Currency differences when you obtain an invoice at a later date for goods

So what if you receive goods earlier than the invoice for them and as it happens, you need to take them into use right away. They need a price, that’s for one, but what if the price is quoted in a currency that fluctuates as compared to your functional currency?

Say that your functional currency is A and you bought something for 120B. The B in this case would be the foreign currency that fluctuates. The exchange rate is let’s say 1A = 1.2B. 

Now, say you bought 10 items for the total of 120B at the time. This 120B is something you calculate yourself since in our example you got no invoice with them just yet. Now you account for the 10 items in your accounting in their functional currency value that is 120 / 1.2 = 100A. Value of each item is 10.

Furthermore, as we gave the situation, you end up using all of the materials in your production or sell them all prior you receive the actual invoice. Say now that the invoice is obtained 2 weeks later within the same month and the currency exchange rate is now 1A = 1B.

In your accounting you’ve accounted the items into expenses with the item value as 10A and the total of 100A. Your supplier still wants 120B from you, however, the exchange rate has changed and this 120B costs now 120 / 1 = 120A for you. As such, your expenses for the item actually increased and you account for the difference of 20A into your cost of goods sold (had you waited for the invoice, your cost of goods sold would be bigger so it’s only proper to add this expense into this group).

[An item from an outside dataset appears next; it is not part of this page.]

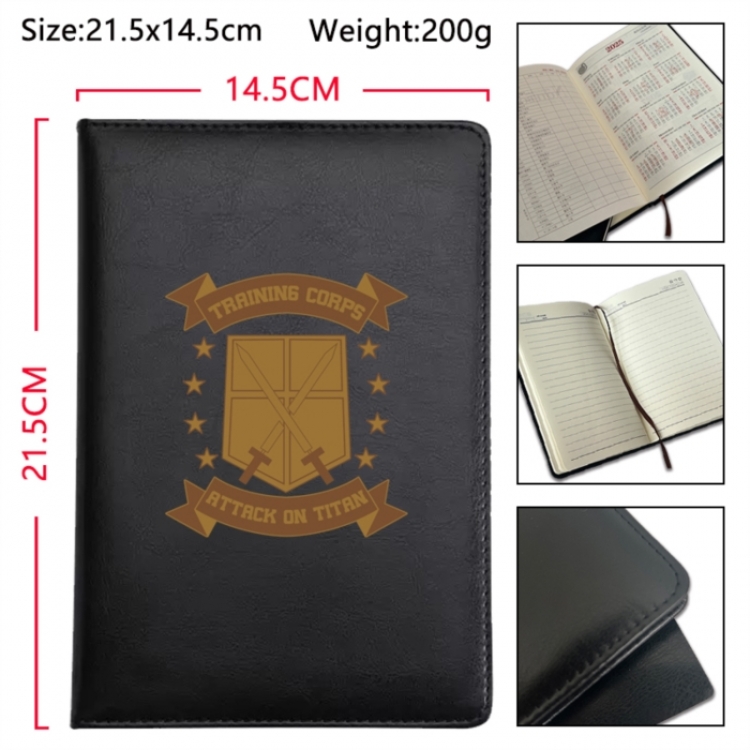 Shingeki no Kyojin Anime Printed PU Car Thread Notebook Hard Cover 21.5x14.5cm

Remember, it doesn’t really matter at which date you receive the invoice, but when you pay your balances. Why you ask? Simply due to the fact that you need buy foreign currencies anyhow and as such, they cost you something. This means that either they are cheaper or more expensive as opposed to the date you took on the liability; you’re making either profits or losses from the transaction. That is if the currency fluctuates obviously.